A simulation combining the phase-field method and finite element method was conducted to investigate the effect of laser scanning parameters on epitaxial grain growth and LoF defect formation in Inconel 718 alloy. The following conclusions were drawn:

(1) The critical laser scanning energy density (E_c) defines the occurrence of LoF defects. When the interlayer rotation angle was 0°–90°, E_c varied in the range of 55.0–62.5 J·mm^–3. When E < E_c, LoF defects were produced in the Inconel 718 alloy; when E > E_c, the grain coarsened with an increase in energy density.

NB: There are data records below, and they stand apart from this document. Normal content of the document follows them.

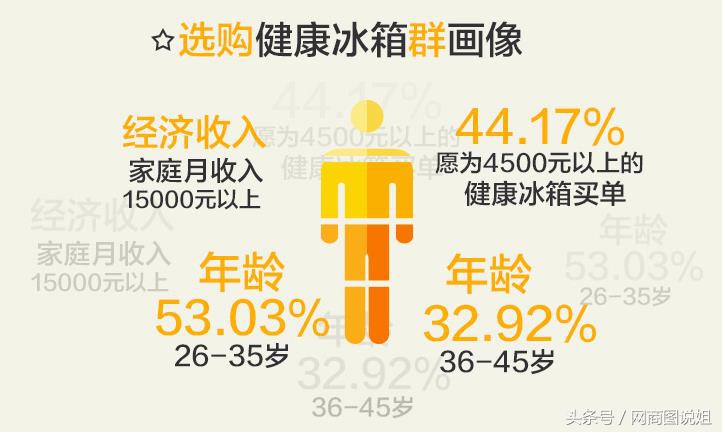 冰箱业下滑,冰箱行业新趋势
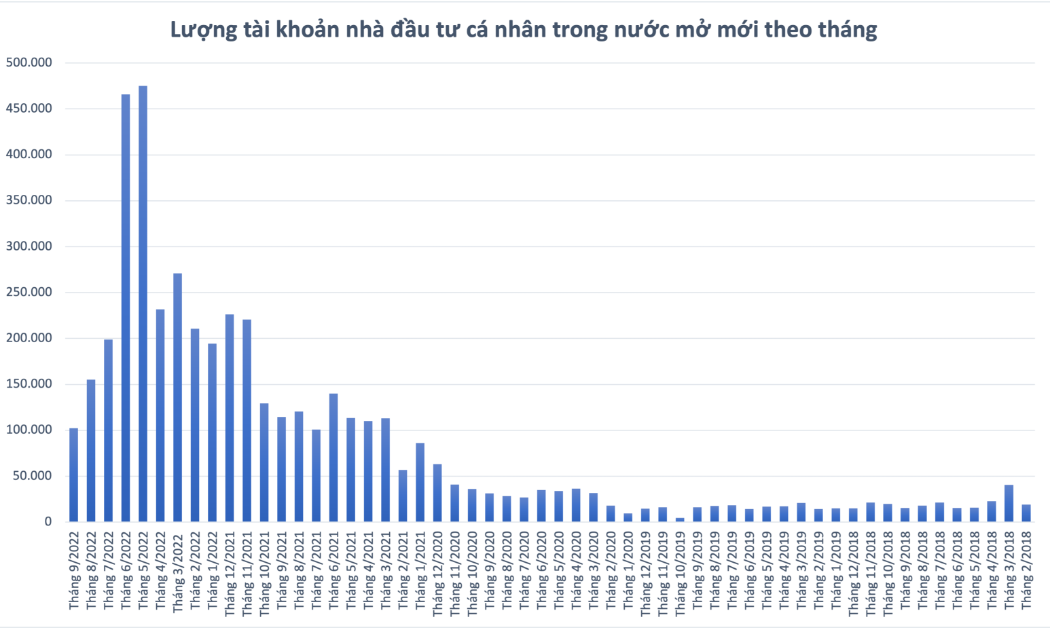 Số tài khoản nhà đầu tư mở mới theo tháng.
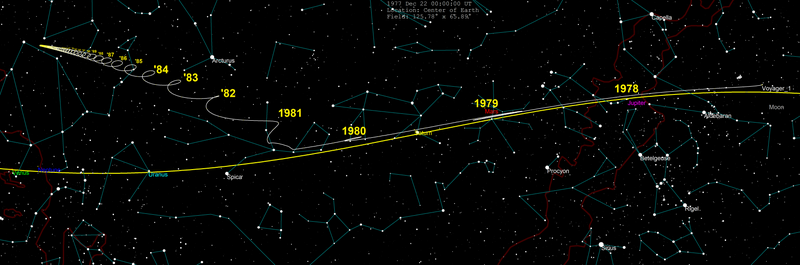 Voyager 1 skypath 1977-2030.png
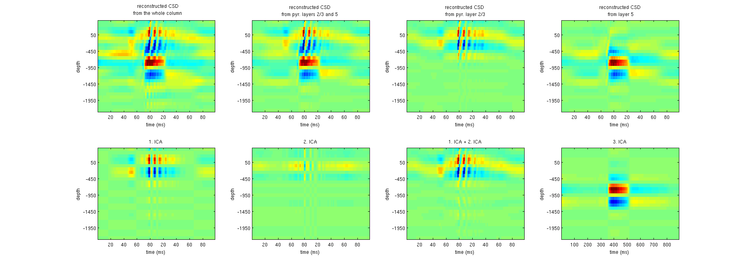 Independent components of reconstructed current sources reflect activity of individual cell populations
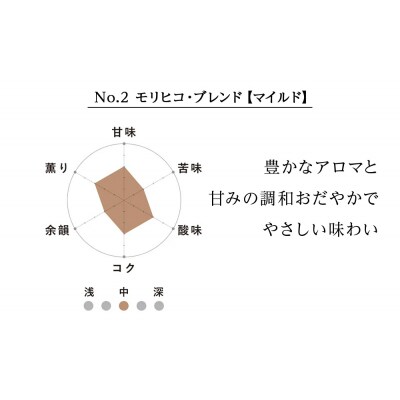 No.2 モリヒコ・ブレンド【マイルド】　60g×6　合計360g_hs017-361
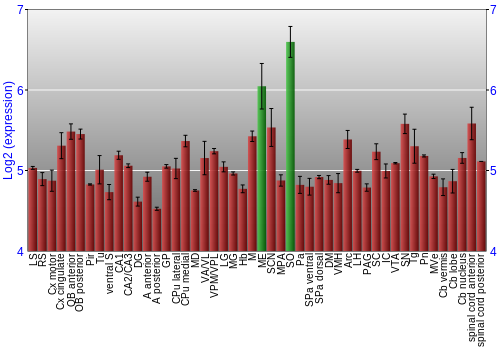 Multi-state expression graph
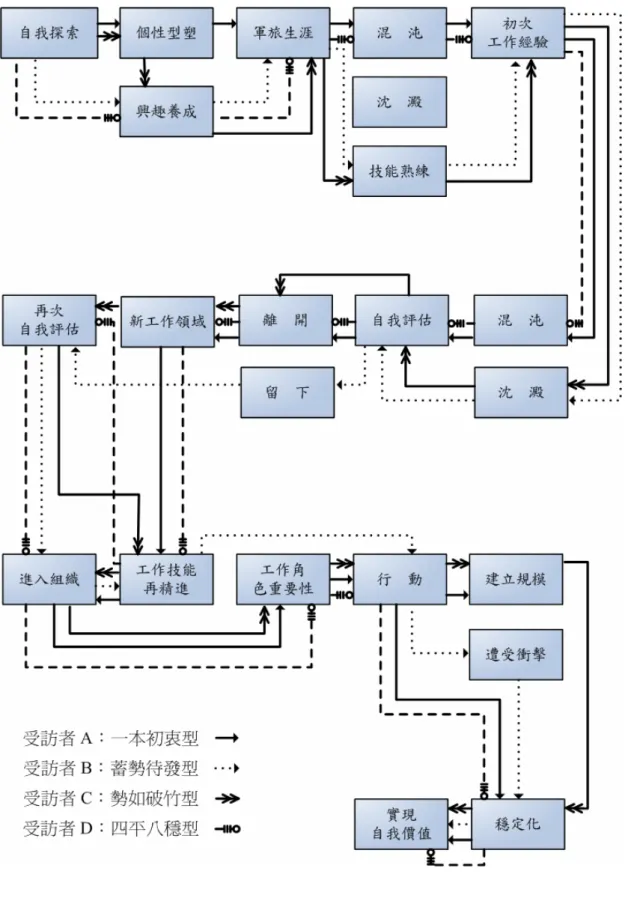 圖 5-2-2  四位受訪者生涯發展模式 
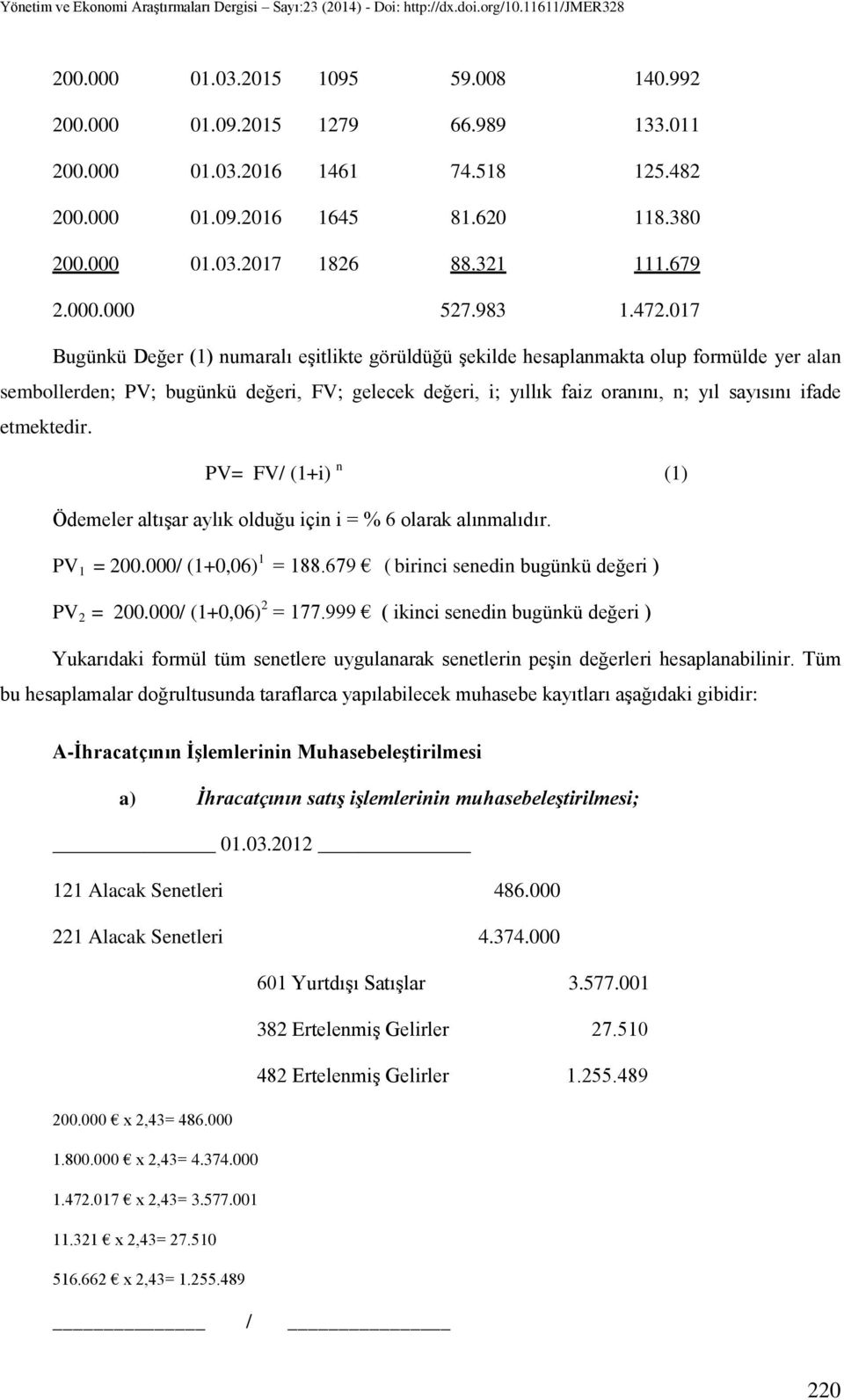 017 Bugünkü Değer (1) numaralı eşitlikte görüldüğü şekilde hesaplanmakta olup formülde yer alan sembollerden; PV; bugünkü değeri, FV; gelecek değeri, i; yıllık faiz oranını, n; yıl sayısını ifade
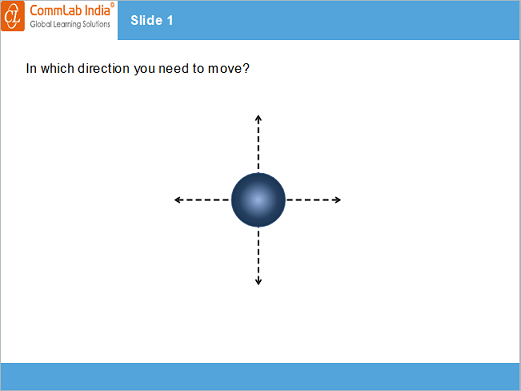 Create a slide and insert an object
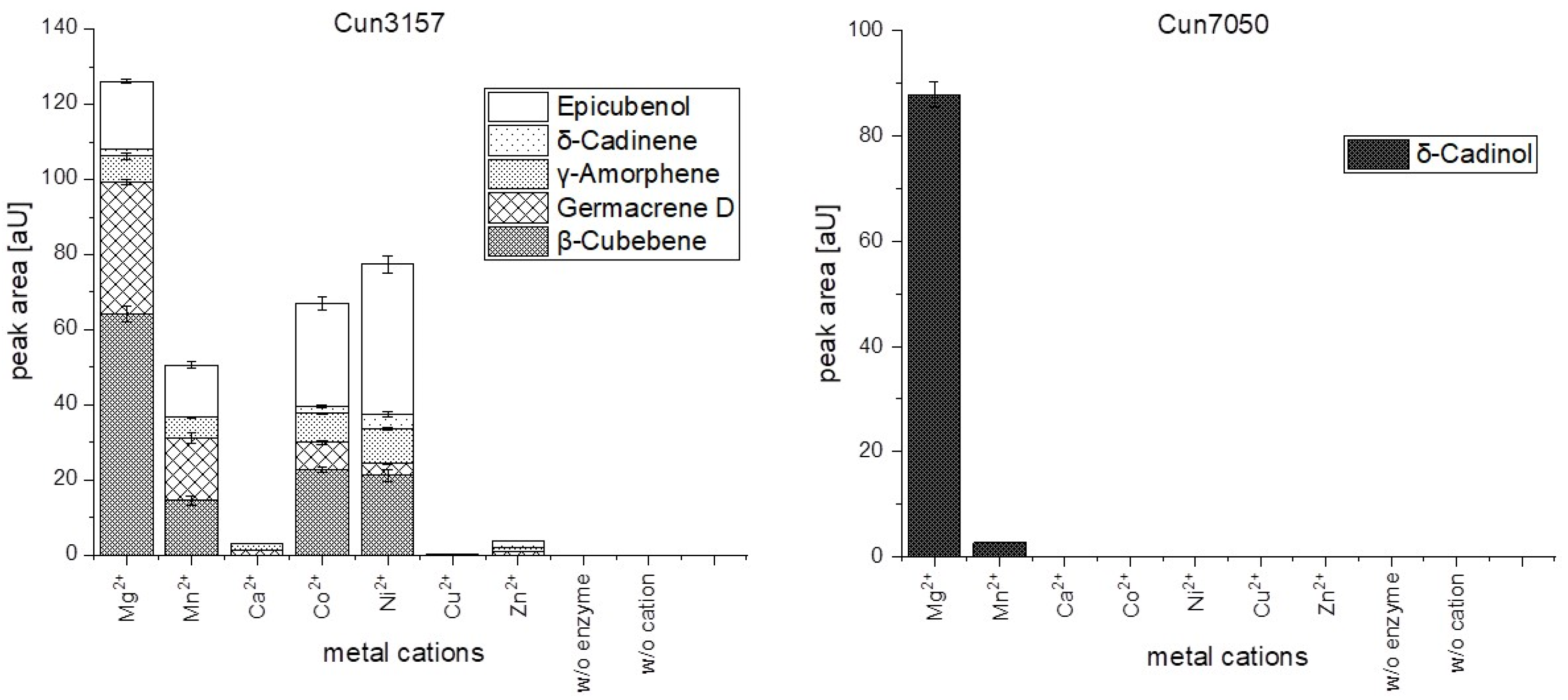 Catalysts 11 01361 g004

(2) A refined grain structure with an average grain size of 7.0 μm without LoF defects was obtained in the simulation when the parameters were optimized as laser power of 280 W, scanning speed of 1160 mm·s^–1, rotation angle of 67°, and E_c of 61.4 J·mm^–3. The ultimate tensile strength ((1111 ± 3) MPa) and yield strength ((820 ± 7) MPa) of the as-deposited Inconel 718 alloy were increased by 8.8% and 10.5%, respectively, compared with specimens fabricated with parameters determined via the conventional trial-and-error approach.

(3) When the solid fraction of each layer reaches 85vol%, a large number of fine grains nucleate at the top of each layer. If these fine grains are not sufficiently remelted during L-PBF, it is likely to produce LoF defects.